Fleeing Zimbabwe but deported by Zambia; a show trial in Russia's Chechnya; police beating caught on video in Papua New Guinea; Argentina's Senate refuses to respect women's rights; South Sudan detains peace activist; Trump’s health care rules are a prescription for disaster; and the UN taps a new human rights chief.
In a tiny courtroom in Shali, a 40-minute drive from Chechnya’s capital, HRW's Tanya Lokshina watched a hearing in the show trial of human rights defender Oyub Titiev, just as another hearing was about to start in Moscow.

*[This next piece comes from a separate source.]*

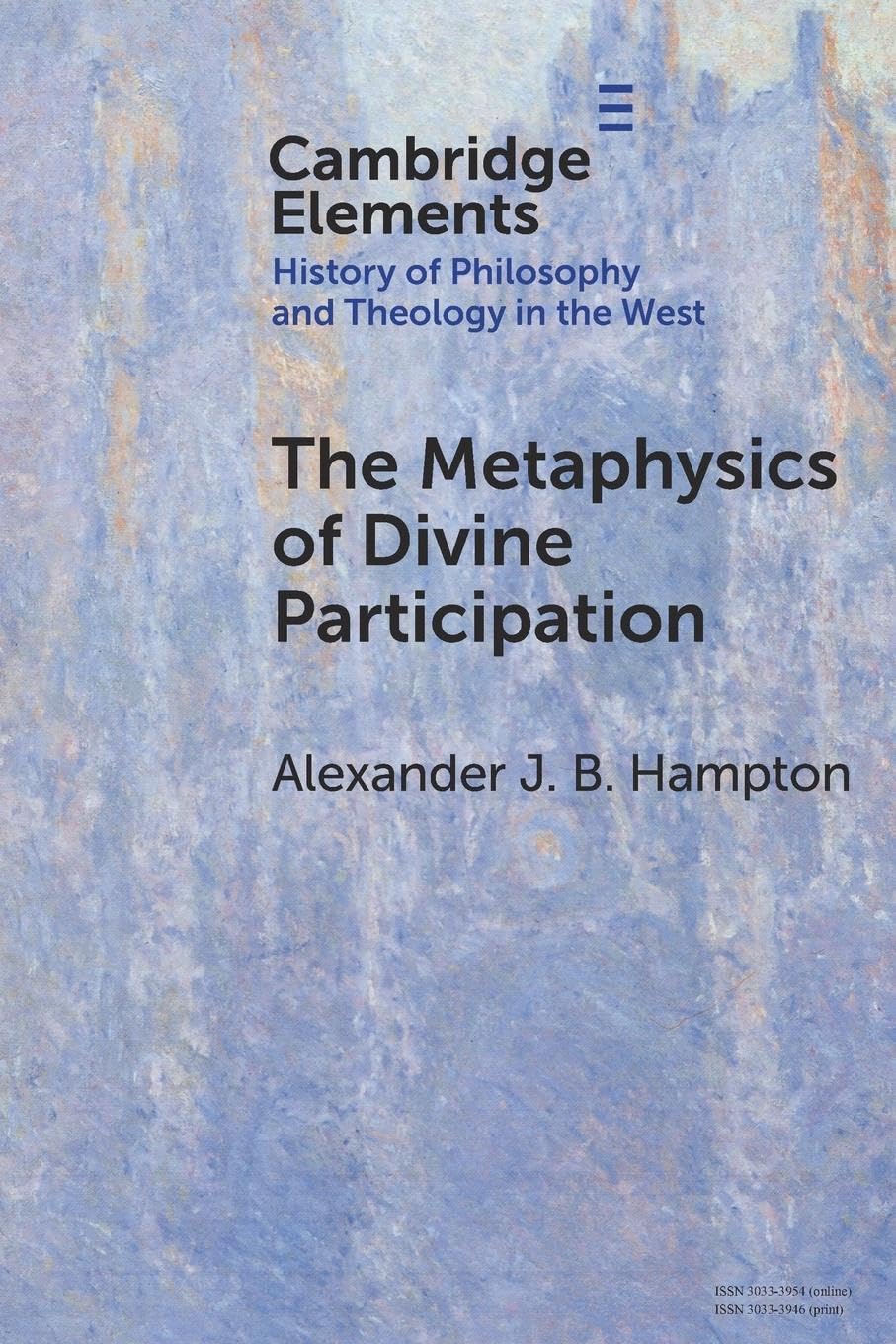 The Metaphysics of Divine Participation (Elements in the History of Philosophy and Theology in the West)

It was for two of Oyub’s colleagues from Memorial, a leading Russian rights group, on trial for peacefully supporting their jailed colleague.

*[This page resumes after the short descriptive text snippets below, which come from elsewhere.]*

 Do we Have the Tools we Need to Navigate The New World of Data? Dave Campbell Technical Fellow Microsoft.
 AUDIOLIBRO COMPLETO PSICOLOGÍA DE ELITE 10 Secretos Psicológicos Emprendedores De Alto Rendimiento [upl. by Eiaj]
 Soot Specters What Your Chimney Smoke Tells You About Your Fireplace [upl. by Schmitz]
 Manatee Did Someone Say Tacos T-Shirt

Papua New Guinean authorities should promptly conduct a thorough and credible investigation into the beating of a boy by police in Kimbe, West New Britain, that was captured on video and shared on social media.

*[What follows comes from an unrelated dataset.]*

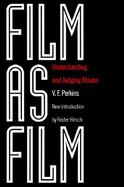 Film As Film Understanding and Judging Movies cover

Unfortunately, Argentina's Senate has voted down a bill which would have legalised abortion in the first 14 weeks of pregnancy, missing a critical opportunity to respect the fundamental rights of women and girls.
The South Sudanese National Security Service (NSS) should immediately and unconditionally release peace activist and academic Peter Biar Ajak or take him to court and charge him with a recognizable crime.
Chile's former president, Michelle Bachelet, has been tapped to be the UN's next human rights chief.